Amylin is an important control of nutrient fluxes because it reduces energy intake, modulates nutrient utilization by inhibiting postprandial
glucagon secretion, and increases energy disposal by preventing compensatory decreases of energy expenditure in weight-reduced individuals. The best investigated function of
amylin which is cosecreted with
insulin is to reduce eating by promoting meal-ending satiation. This effect is thought to be mediated by a stimulation of specific
amylin receptors in the area postrema. Secondary brain sites to mediate
amylin action include the nucleus of the solitary tract and the lateral parabrachial nucleus, which convey the neural signal to the lateral hypothalamic area and other hypothalamic nuclei.
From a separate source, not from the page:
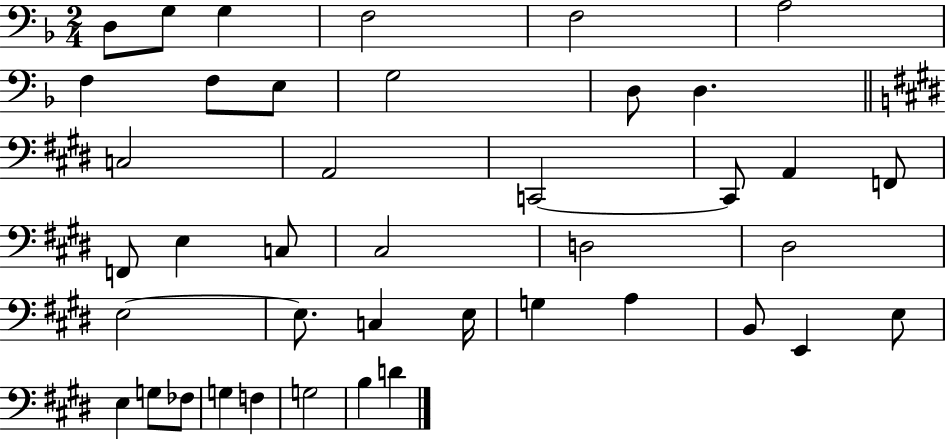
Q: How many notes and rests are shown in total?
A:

Amylin may also signal adiposity because plasma levels of
amylin are increased in adiposity and because higher
amylin concentrations in the brain result in reduced
body weight gain and adiposity, while
amylin receptor antagonists increase body adiposity. The central mechanisms involved in
amylin's effect on energy expenditure are much less known. A series of recent experiments in animals and humans indicate that
amylin is a promising option for anti-
obesity therapy especially in combination with other
hormones. The most extensive dataset is available for the combination
therapy of
amylin and
leptin. Ongoing research focuses on the mechanisms of these interactions.